When they mapped out the differences in ornithopod jaw anatomy, as well as the dinosaurs’ family tree, Strickson and his coauthors didn’t find a close association between the Mesozoic vegetarians and flowering plants. The first big burst in ornithopod evolution was in the Jurassic, tens of millions of years before angiosperms even came on the scene, later followed by three tightly-grouped bumps in diversity around 90 million years ago. And regarding their chompers, the researchers found that hadrosaurs generally had very similar jaws across species. Whatever they hit on early, it worked for them. In other words, there was no sign that the teeth and jaws of hadrosaurs specifically evolved to crunch up flowering plants.

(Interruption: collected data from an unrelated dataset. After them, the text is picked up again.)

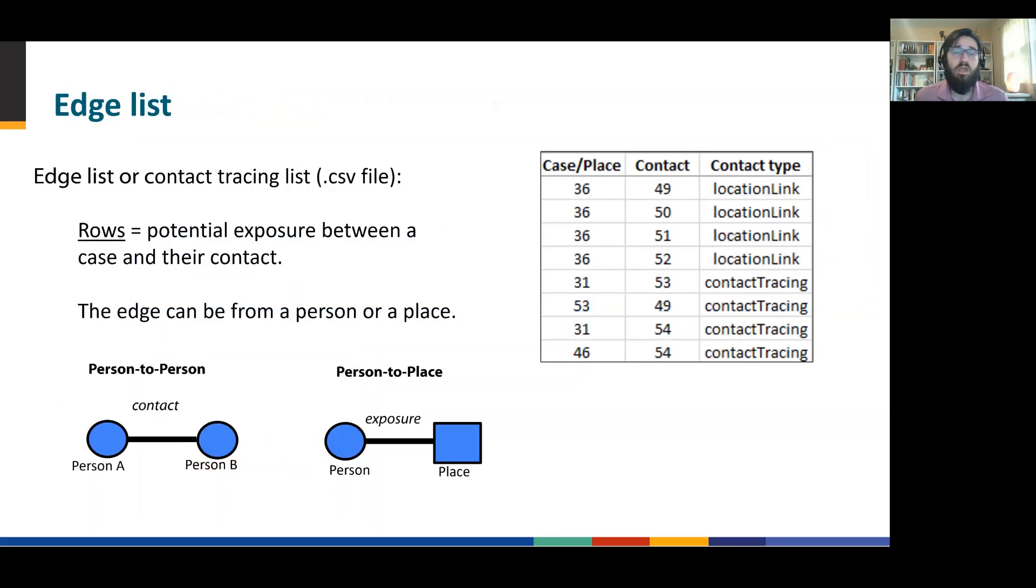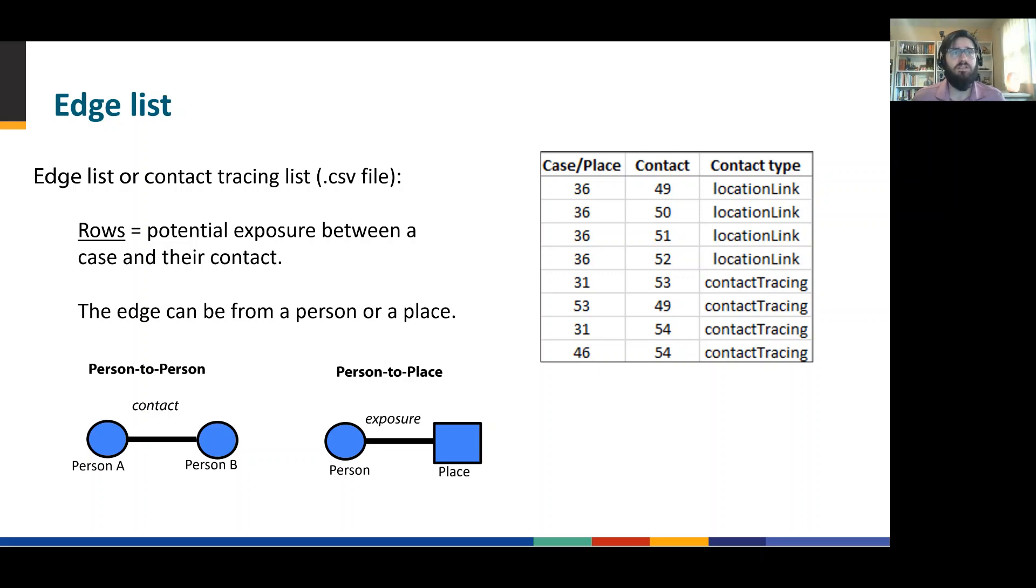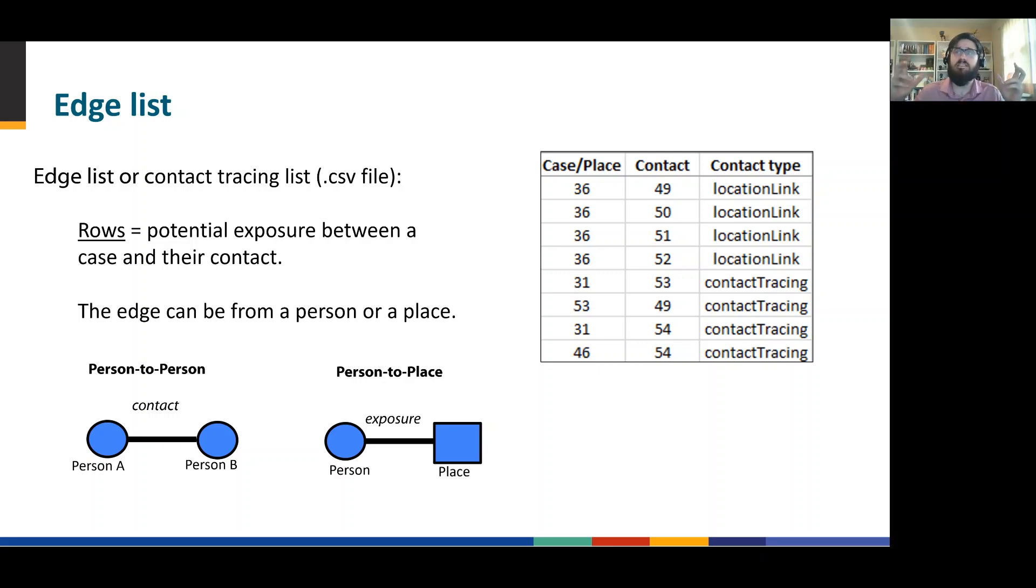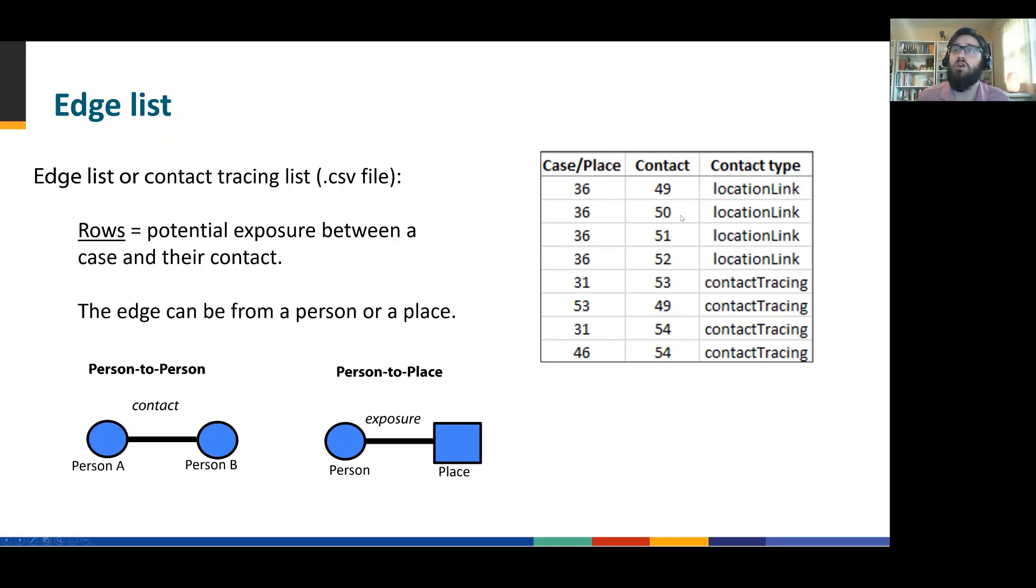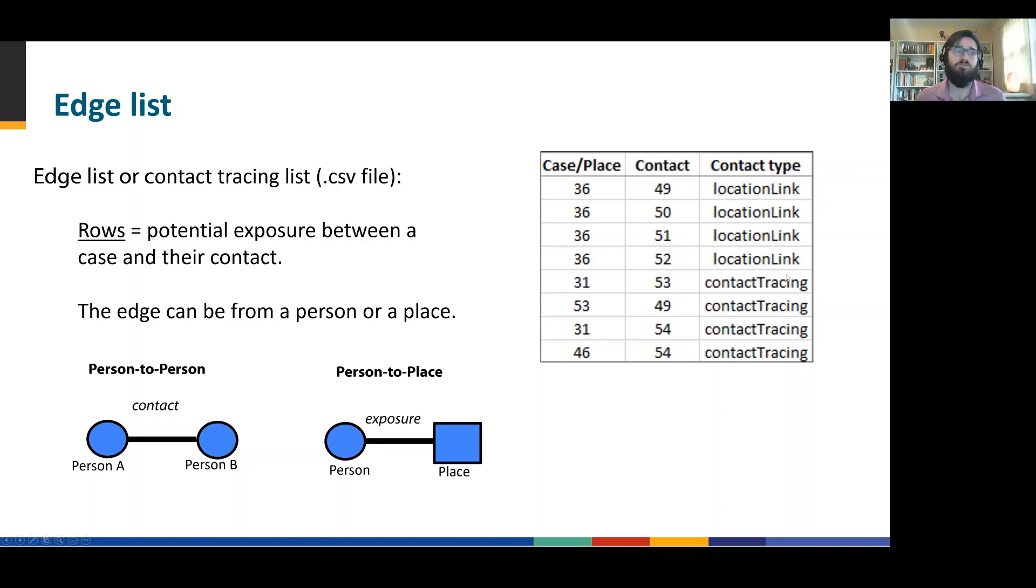The way that is mapped is with what we call an edge list or a link list. An edge list is a contact tracing list. It's really just person A's ID, person B's ID, and then the type of contact that may be. One of those may not be a person. It may be person to place. And if so, you may want to encode that information as an additional column here. You can see we have contact types indicating both contact tracing and person to place links.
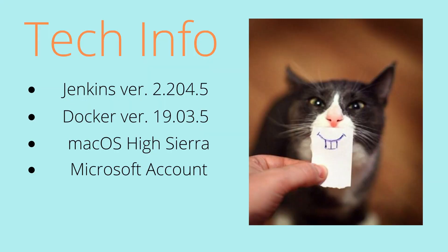Here's the tech info for today's tutorial. I have my Jenkins and Docker versions listed right here. Of course, I am operating on my Mac and iSierra and we will be needing a Microsoft account for this as well as a few other things that we'll dive into.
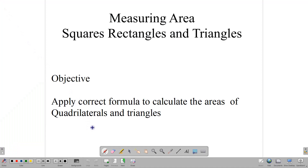Hello, and welcome back to our video classroom here at CSIC Maths Tutor. In this lesson, we are going to be focusing on the measurement and area of rectangles and triangles. Specifically, we are going to be looking at squares, rectangles, and triangles. Our objective is to apply the correct formula to calculate the areas of rectangles, squares, and triangles.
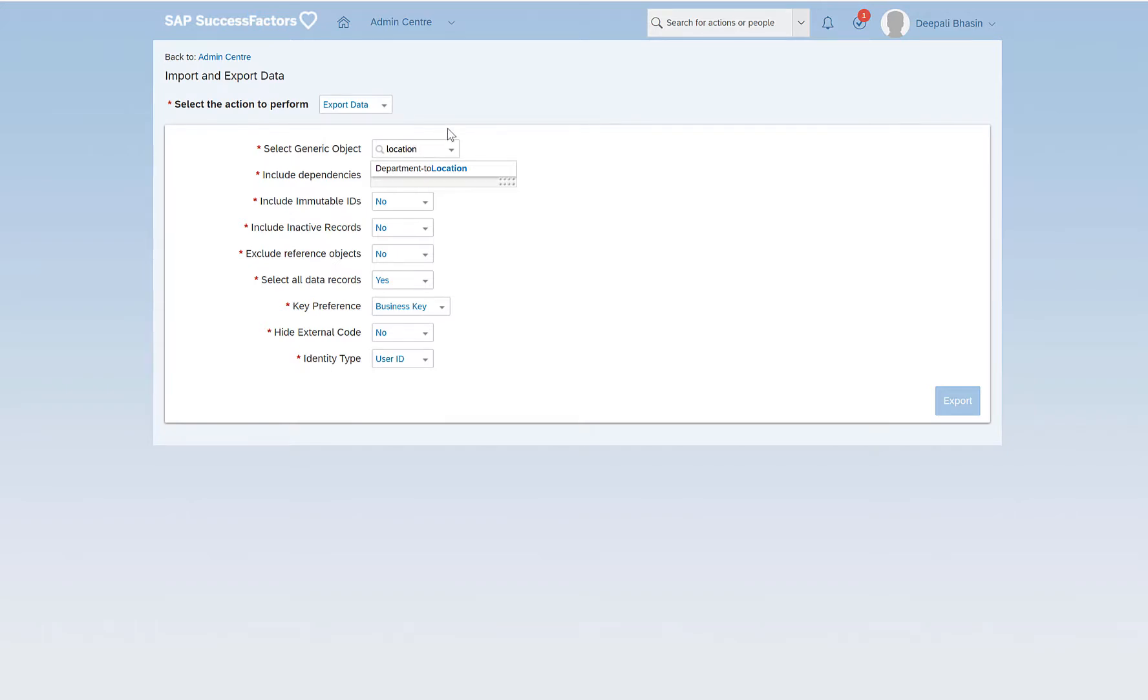In order to have report center enabled we should have proper permissions in the RBPs. If you want me to show how these permissions are set in the system please do comment in the comments section below. I can create another video for that but the scope of this video is to see how we can export location from the report center as location is my foundation object and import and export data does not support exporting the location details.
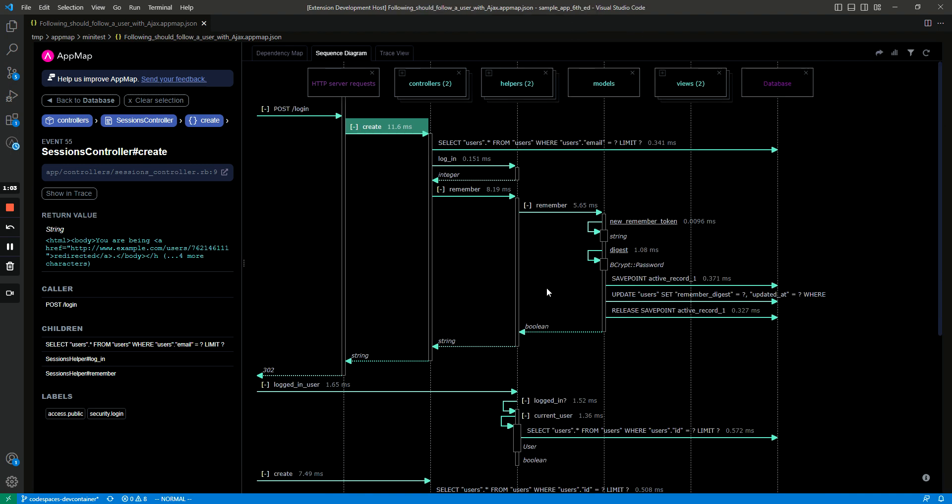So those are some really helpful features for sequence diagrams that are generated by AppMap and I hope you found this helpful. Thanks.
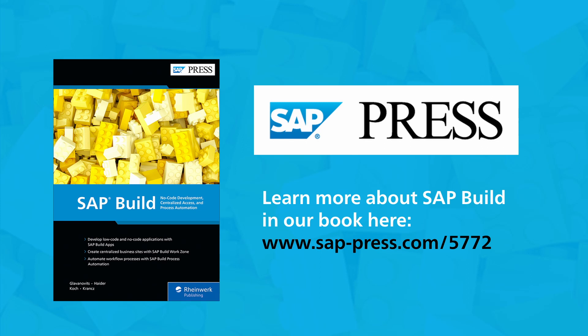To keep up on all things SAP, make sure to subscribe to our channel and hit the notification bell so you'll never miss out on a new video.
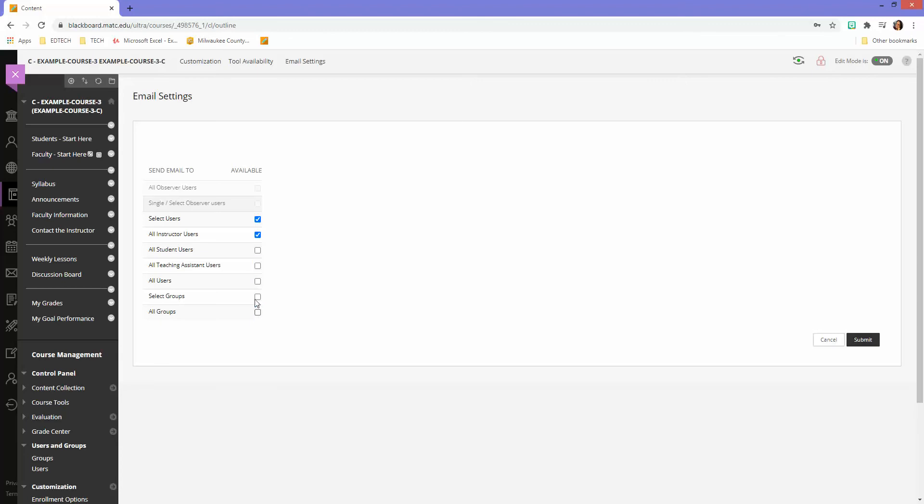So let's say actually I want maybe these four options to show for me when I'm accessing the tool to configure an email link: select users, all instructor users, all student users, and all teaching assistant users.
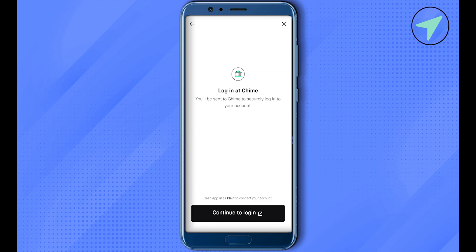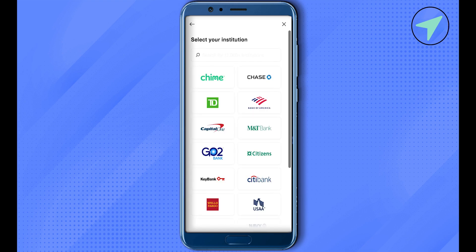This way you would be able to connect your Chime and Cash App. And when you click on the option of Cash Out on Cash App, you would be able to find the option of Chime. And this way you would be able to withdraw the money or transfer the money from Cash App to Chime.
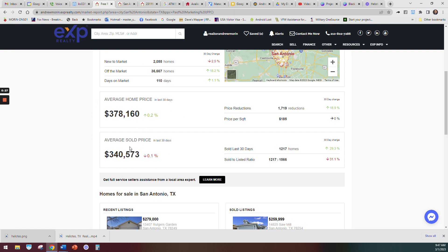The interesting thing I like to show is the average home price and the average sold price. These are very similar now, so people are realizing that if you put your home on the market correctly at the right price in San Antonio, it's going to sell. That's what these two numbers are showing. There hasn't been a huge increase.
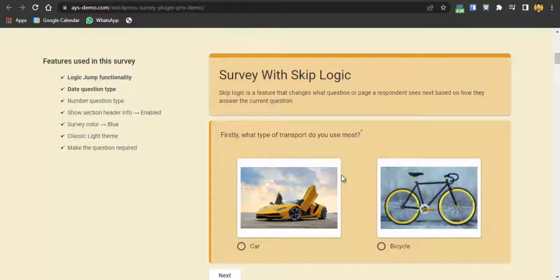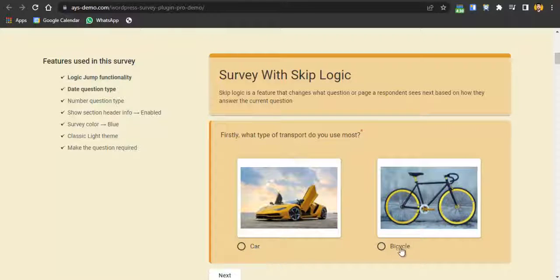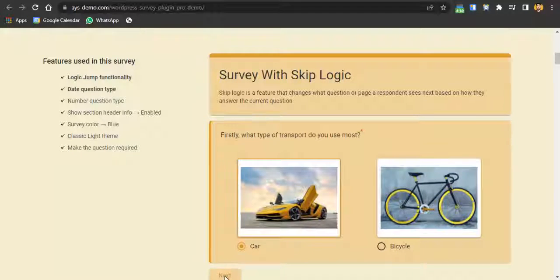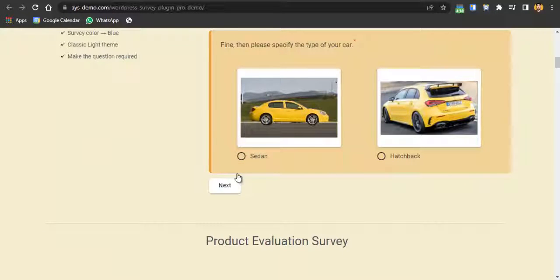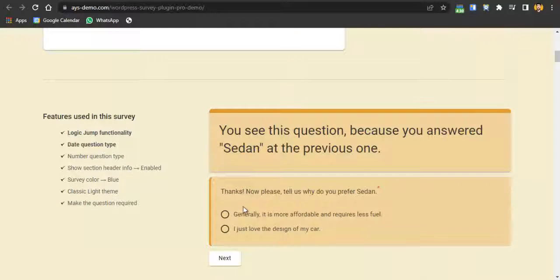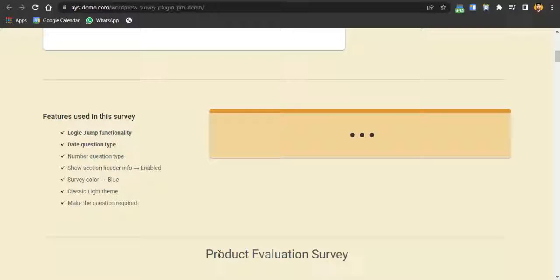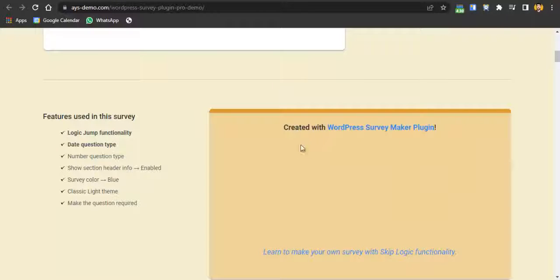Next is the survey with skip logic. Skip logic means the flow is conditional: if a user clicks on 'Car,' they are redirected to questions about cars; if they click on 'Bicycle,' they go to bicycle-related questions. For example, I'll select 'Car' and click next — I've been redirected to car questions. After checking a specific option, it says 'sedan,' and then: 'Please tell us why you prefer sedan.' So you can create awesome surveys with skip logic.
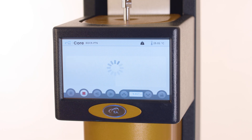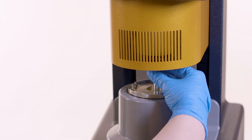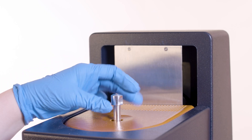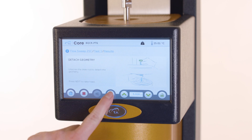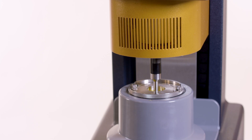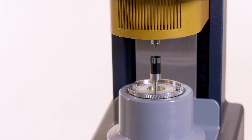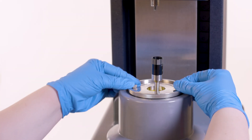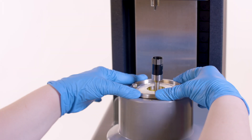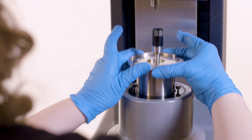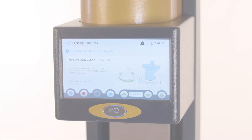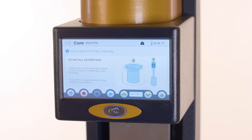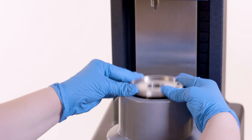Press next to clean the sample. First, detach the geometry by unscrewing the draw rod. Press next to raise the head. Loosen the thumb screws and remove the cup and geometry. After disposing of the sample and cleaning the cup and geometry, press next. RayoGuide now instructs the user to reinstall the cup and geometry.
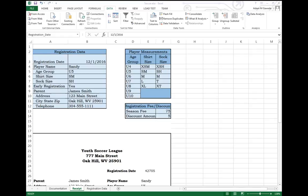One of our big issues with working off a spreadsheet is what's stopping someone from typing in incorrect data. For example, we look at the registration date.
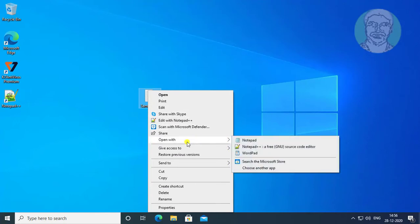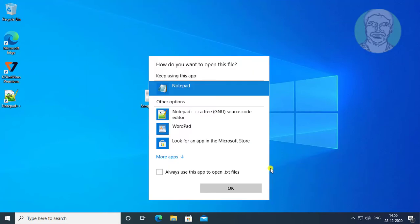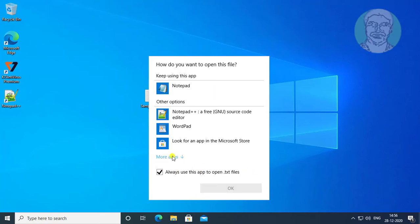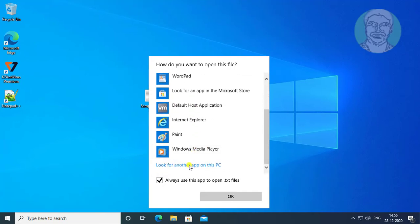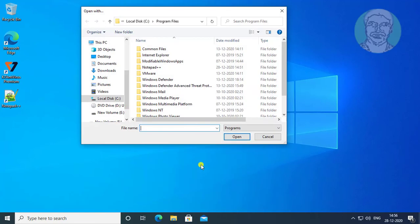Right-click and select 'Open with', then click 'Choose another app'. Check 'Always use this app to open .txt files', then click 'More apps'.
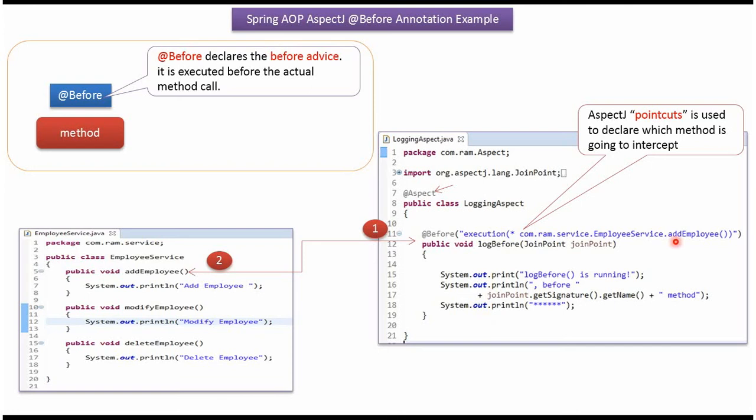In this example, addEmployee method is the point cut, and before calling addEmployee method, this log before method will be called.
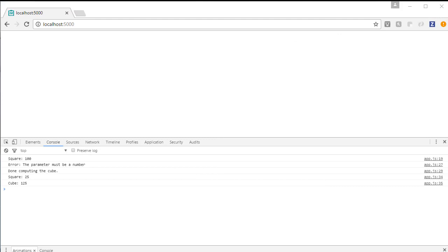In our browser's console, we see the results of each of these promises. The first asyncSquare promise resolves to the value of 100. The first asyncCube promise rejects with the reason being that the parameter must be a number, before finally printing out the message that we're done computing the cube. And then the $Q.all method resolves both promises - the first being the square and the second being the cube.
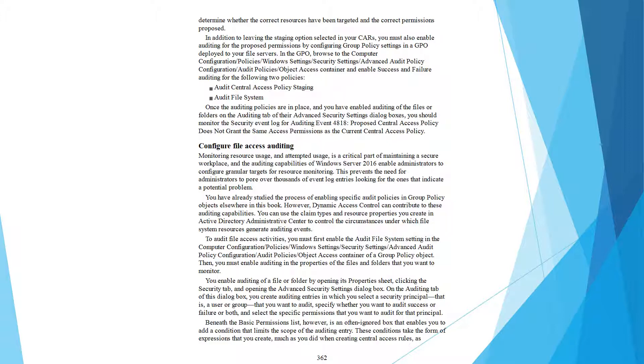You must first enable the Audit File System setting in Computer Configuration, Policies, Windows Settings, Security Settings, Advanced Audit Policy Configuration, Object Access container of a group policy object. Then you must enable auditing in the properties of files and folders that you want to monitor.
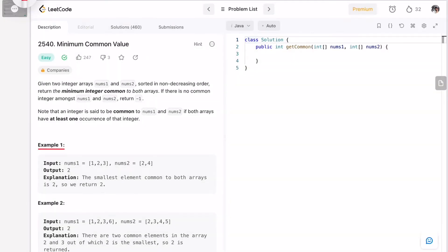In the first example, nums1 contains three elements and nums2 contains two elements — two and four. Two is the answer because it appears in both arrays. The key point is that the arrays are sorted in ascending order, so iterating left to right gives us the smallest element first. The first common element we encounter will be our answer.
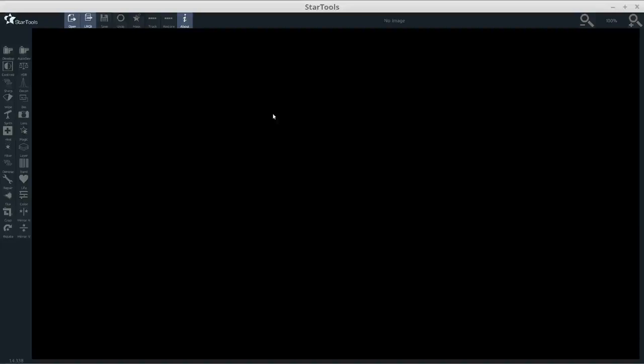Hello, my name is Richard Conrad, and I thought I would spend some time showing how I process through StarTools, specifically Jim Misty's very excellent data of M31. There are many different ways of processing. Workflows vary a lot depending on the image and the signal you've got. In this instance, the signal is very excellent. He's taken it with a CCD camera, so we'll be loading it in through the LRGB.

The key to the Day of the Duckbill, then, seems to be their specialized jaws. Most dinosaurs couldn’t chew. Their jaws were little different than biological sets of scissors or shears, which worked just fine when it came to swallowing things whole. But the ancestors of hadrosaurs evolved densely-packed rows of leaf-shaped teeth, not to mention jaw bones that could flex and swing to create a unique kind of chewing motion. This gave hadrosaurs the ability to grind their food, a major feat that—as fossilized poop and other lines of evidence have shown—allowed them to chew through conifers and other tough vegetation. Maybe instead of “big mouth,” Ducky should have been nicknamed “great mouth.”
But don’t discount flower power just yet. Looking at the rise of the hadrosaurs and the horned ceratopsians, Sues says that “there must have been some floral change or changes during the mid-Cretaceous to account for the sudden appearance of two very diverse groups of large-bodied, herd-forming dinosaurian herbivores.” And in the Southern Hemisphere, where these dinosaurs were largely absent, giant, long-necked herbivores called titanosaurs proliferated to fill that niche around the same time. “I still have a lingering suspicion that all these evolutionary radiations are at least in some way connected to the diversification of angiosperms,” Sues says.
It’s a hunch paleontologists will likely be chewing over for a long while.